According to the author, this book "is not a writing manual, nor a guide to grammar, nor to rhetoric .... It is only a small book aiming to help you form ideas about writing" (Fowler, 2006, p. v). The book consists of 25 easy-to-read and comprehend chapters, and these chapters cover different stages of the writing process. The chapters about the first stage of the writing process (i.e., reading material, drafting, outlining, paragraphs and paragraph types, arguments, and transitions) are full of vivid examples. In addition to providing a plethora of clear examples to support his claims, Alastair Fowler also goes in depth explaining why writers must use transitions or why effective topic sentences are so important.
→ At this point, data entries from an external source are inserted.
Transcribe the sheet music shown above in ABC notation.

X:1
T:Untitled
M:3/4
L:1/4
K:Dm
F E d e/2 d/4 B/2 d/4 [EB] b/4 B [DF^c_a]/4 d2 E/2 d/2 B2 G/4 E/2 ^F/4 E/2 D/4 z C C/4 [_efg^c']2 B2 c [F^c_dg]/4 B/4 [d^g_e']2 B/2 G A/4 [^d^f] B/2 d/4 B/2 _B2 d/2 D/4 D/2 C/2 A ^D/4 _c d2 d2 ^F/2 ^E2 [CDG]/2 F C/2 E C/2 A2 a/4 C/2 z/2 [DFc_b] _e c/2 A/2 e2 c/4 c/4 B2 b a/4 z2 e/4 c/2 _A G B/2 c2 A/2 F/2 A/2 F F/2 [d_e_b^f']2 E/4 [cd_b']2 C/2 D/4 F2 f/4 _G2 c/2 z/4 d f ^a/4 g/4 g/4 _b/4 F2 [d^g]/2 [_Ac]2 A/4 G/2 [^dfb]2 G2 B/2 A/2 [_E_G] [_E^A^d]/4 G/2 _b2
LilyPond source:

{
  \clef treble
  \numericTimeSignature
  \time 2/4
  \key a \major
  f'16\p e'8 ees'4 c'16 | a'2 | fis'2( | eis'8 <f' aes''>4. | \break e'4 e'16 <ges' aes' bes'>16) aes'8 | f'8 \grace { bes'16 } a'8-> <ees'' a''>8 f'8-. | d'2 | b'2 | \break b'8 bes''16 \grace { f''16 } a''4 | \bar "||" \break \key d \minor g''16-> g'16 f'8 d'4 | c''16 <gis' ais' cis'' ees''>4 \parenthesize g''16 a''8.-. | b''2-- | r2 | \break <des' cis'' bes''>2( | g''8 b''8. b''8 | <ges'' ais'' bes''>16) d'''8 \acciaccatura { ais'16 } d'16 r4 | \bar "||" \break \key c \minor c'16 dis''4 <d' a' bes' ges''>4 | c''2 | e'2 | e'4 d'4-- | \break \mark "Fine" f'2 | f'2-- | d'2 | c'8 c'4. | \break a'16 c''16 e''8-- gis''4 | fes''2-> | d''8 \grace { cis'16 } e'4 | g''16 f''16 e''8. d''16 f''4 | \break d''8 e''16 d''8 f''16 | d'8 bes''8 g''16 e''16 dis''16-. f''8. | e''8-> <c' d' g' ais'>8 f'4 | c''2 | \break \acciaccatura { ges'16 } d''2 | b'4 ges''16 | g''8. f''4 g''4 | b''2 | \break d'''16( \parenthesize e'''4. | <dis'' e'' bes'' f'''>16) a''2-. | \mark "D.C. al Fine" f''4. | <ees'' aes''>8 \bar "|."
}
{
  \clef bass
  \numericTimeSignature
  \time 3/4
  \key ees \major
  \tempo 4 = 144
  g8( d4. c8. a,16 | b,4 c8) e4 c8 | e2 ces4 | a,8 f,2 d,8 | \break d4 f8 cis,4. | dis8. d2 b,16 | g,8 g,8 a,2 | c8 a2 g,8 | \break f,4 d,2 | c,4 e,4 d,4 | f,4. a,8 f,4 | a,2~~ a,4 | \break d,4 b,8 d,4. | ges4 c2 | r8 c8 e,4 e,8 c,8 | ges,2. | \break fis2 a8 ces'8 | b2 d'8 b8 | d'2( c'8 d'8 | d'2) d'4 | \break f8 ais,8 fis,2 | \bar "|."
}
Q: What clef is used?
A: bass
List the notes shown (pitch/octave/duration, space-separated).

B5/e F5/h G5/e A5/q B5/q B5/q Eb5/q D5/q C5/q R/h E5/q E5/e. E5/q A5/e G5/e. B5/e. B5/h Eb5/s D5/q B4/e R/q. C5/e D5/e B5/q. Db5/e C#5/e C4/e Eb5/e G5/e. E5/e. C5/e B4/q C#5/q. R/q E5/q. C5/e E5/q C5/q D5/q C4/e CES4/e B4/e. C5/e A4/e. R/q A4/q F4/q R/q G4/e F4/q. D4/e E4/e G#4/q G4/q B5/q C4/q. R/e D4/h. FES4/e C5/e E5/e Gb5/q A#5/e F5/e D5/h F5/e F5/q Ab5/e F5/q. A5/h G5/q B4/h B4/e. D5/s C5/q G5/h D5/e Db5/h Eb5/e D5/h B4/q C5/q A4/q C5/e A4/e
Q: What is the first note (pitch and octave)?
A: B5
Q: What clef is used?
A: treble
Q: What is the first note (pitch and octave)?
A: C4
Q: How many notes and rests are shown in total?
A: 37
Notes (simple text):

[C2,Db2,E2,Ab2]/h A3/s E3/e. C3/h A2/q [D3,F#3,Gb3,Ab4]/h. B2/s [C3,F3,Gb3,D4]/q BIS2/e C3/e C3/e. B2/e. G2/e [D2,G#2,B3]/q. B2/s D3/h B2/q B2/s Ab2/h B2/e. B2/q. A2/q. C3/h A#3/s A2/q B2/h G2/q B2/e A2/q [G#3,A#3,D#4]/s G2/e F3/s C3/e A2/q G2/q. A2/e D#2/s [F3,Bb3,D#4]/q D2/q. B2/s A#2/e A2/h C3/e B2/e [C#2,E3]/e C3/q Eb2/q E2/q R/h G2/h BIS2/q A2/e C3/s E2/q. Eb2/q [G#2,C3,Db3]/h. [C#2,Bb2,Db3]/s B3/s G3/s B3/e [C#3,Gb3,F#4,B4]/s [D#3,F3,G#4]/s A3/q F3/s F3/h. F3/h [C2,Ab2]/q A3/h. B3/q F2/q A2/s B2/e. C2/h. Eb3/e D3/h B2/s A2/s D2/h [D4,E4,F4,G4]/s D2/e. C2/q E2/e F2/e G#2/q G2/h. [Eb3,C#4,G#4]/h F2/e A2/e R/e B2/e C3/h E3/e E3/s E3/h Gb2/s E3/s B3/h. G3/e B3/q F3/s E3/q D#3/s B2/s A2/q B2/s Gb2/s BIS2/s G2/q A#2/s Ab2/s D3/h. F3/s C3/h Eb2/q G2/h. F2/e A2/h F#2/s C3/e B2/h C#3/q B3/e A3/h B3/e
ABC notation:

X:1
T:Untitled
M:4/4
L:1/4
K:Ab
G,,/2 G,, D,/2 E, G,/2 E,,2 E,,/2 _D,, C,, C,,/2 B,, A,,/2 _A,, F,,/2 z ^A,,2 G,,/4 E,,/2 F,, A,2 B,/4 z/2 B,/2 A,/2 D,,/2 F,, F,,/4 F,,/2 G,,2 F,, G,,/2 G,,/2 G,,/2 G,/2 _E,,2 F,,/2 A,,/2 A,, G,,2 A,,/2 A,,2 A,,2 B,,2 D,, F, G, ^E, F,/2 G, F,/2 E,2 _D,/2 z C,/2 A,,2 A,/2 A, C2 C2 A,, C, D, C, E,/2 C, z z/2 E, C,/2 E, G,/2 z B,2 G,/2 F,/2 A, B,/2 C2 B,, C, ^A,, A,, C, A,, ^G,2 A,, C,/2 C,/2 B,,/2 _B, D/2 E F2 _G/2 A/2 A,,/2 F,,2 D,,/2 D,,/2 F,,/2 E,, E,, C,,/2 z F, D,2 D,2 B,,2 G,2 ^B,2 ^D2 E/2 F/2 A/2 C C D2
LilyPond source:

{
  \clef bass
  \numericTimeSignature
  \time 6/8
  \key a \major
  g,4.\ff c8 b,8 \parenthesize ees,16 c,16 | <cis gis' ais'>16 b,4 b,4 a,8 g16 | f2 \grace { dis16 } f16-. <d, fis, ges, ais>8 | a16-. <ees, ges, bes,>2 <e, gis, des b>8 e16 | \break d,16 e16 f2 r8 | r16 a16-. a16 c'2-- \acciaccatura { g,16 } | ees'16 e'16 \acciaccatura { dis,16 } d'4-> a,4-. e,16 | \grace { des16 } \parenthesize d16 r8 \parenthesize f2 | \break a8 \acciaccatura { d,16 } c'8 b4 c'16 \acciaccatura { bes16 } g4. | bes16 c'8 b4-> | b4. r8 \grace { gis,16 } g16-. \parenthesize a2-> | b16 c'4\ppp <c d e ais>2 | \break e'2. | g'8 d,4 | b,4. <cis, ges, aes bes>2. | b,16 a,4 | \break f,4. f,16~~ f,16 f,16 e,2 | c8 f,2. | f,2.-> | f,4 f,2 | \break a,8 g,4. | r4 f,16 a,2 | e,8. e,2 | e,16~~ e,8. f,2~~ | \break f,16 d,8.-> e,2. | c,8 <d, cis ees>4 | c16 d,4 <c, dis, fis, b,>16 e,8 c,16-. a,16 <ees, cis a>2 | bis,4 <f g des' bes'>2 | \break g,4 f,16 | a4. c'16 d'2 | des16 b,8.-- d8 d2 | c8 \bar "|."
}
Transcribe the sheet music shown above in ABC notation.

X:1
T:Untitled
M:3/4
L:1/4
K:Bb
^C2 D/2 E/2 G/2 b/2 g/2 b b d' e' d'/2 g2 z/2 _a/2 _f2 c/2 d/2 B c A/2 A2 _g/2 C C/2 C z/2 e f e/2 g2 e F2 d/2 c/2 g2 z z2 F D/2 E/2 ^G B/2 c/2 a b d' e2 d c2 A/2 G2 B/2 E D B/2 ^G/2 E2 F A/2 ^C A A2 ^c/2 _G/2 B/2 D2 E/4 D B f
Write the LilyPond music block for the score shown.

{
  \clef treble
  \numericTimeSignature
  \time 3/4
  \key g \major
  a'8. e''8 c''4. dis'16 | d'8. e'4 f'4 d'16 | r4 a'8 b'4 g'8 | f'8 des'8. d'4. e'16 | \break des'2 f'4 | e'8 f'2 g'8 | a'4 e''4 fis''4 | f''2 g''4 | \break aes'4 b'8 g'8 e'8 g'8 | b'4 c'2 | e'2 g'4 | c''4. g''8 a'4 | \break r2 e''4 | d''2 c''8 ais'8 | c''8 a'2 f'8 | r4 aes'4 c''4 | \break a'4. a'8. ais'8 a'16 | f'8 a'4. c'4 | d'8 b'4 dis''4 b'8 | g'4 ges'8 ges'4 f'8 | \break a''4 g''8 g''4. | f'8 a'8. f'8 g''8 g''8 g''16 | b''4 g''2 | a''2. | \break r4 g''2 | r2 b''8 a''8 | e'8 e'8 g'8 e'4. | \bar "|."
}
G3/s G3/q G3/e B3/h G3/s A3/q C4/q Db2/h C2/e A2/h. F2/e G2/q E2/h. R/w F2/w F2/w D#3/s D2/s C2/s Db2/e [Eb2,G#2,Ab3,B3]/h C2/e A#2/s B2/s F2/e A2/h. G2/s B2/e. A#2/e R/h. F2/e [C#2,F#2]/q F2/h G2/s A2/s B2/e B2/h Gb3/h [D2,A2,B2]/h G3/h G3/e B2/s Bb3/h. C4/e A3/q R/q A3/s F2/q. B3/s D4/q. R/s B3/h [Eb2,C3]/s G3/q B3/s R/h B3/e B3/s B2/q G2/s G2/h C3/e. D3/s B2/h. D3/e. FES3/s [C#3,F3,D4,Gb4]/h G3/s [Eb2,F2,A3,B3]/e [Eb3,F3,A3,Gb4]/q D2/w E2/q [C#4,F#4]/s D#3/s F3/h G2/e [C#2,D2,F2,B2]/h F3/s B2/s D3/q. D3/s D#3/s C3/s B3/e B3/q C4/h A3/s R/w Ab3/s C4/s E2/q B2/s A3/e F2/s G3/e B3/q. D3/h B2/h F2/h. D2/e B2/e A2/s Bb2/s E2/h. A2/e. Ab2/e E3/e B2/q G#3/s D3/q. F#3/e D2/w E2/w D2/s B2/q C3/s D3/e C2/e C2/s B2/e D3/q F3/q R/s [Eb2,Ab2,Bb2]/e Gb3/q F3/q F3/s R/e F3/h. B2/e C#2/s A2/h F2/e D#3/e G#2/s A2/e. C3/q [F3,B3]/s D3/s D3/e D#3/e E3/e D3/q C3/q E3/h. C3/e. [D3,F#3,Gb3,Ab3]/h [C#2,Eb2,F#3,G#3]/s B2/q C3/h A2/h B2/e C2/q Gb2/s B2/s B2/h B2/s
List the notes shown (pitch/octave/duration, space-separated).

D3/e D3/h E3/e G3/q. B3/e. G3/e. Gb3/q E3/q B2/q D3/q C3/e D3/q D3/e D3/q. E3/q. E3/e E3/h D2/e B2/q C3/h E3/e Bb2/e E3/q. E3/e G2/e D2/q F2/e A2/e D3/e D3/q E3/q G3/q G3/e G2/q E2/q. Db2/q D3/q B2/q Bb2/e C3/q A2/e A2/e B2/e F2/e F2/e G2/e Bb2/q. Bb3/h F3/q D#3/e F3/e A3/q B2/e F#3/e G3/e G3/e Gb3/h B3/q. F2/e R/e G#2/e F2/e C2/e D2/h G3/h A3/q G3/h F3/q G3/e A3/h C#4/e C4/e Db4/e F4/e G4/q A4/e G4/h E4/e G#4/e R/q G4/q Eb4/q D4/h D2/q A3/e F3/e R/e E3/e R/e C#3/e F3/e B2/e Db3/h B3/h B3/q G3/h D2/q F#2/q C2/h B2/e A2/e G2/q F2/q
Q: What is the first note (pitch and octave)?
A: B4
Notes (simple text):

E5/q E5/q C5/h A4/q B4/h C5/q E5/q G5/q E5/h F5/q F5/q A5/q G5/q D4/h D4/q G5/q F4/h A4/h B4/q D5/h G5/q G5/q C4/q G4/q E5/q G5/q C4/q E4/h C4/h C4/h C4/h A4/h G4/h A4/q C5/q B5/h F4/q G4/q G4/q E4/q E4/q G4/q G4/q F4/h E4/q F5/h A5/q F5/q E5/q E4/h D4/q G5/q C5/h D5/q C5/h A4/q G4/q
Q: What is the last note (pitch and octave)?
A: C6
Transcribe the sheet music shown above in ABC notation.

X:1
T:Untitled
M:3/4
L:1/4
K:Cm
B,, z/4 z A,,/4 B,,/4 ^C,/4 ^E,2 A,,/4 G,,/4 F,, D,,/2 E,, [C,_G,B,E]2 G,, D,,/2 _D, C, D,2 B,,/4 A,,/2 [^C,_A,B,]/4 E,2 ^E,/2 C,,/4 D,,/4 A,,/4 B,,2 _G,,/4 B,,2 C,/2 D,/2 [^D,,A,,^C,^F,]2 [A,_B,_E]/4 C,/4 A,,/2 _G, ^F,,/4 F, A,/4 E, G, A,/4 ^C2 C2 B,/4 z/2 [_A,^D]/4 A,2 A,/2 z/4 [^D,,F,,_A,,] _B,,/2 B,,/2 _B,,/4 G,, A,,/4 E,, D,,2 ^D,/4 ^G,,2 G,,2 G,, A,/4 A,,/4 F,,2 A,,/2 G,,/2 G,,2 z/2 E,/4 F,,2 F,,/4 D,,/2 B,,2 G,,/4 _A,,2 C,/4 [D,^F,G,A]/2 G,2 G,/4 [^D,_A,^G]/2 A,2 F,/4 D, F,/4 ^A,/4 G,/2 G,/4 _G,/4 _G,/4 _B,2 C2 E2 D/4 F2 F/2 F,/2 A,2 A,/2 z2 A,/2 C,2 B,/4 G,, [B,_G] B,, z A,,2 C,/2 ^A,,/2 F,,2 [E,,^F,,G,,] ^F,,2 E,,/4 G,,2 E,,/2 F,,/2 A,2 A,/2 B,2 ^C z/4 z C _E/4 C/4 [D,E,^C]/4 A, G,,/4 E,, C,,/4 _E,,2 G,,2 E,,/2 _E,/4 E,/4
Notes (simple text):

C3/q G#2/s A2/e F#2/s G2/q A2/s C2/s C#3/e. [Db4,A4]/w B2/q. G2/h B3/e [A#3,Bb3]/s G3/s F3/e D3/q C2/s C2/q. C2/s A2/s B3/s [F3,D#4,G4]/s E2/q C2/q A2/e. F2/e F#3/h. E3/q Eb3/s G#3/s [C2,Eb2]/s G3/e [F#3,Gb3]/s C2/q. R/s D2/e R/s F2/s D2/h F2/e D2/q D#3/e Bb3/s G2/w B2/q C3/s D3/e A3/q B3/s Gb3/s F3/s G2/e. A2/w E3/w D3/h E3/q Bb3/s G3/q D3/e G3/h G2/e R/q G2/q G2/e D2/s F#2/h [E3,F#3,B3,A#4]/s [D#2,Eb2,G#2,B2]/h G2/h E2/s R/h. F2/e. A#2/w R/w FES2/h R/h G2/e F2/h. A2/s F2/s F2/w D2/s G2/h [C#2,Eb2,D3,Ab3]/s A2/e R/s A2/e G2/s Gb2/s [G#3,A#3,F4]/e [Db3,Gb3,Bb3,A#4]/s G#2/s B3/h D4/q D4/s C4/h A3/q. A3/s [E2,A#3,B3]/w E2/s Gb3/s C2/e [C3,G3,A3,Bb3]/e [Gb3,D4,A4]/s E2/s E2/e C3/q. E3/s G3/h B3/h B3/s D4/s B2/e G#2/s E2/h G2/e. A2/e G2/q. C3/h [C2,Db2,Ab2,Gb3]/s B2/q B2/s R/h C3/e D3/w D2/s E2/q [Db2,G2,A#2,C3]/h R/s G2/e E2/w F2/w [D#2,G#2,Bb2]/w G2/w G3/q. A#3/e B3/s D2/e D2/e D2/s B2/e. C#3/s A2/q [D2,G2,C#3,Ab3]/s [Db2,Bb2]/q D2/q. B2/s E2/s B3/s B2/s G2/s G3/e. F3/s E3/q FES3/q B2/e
The remaining chapters of the book provide a very explicit and detailed overview of the last stage of the writing process (i.e., revising). I am very impressed with Chapter 11 of How To Write. This piece focuses on English language word order and reminds readers that "the sentence meaning is conveyed through the order of its words" (p. 75). Chapters 22 and 23 concentrate on the advantages and disadvantages of using the Internet as a research tool and also on what kind of reference books writers should consult. The only minor flaw of this book is its format, in my opinion. Adding pictures, photographs, drawings, or some other types of visual aids could have made the reading of the text a bit more engaging.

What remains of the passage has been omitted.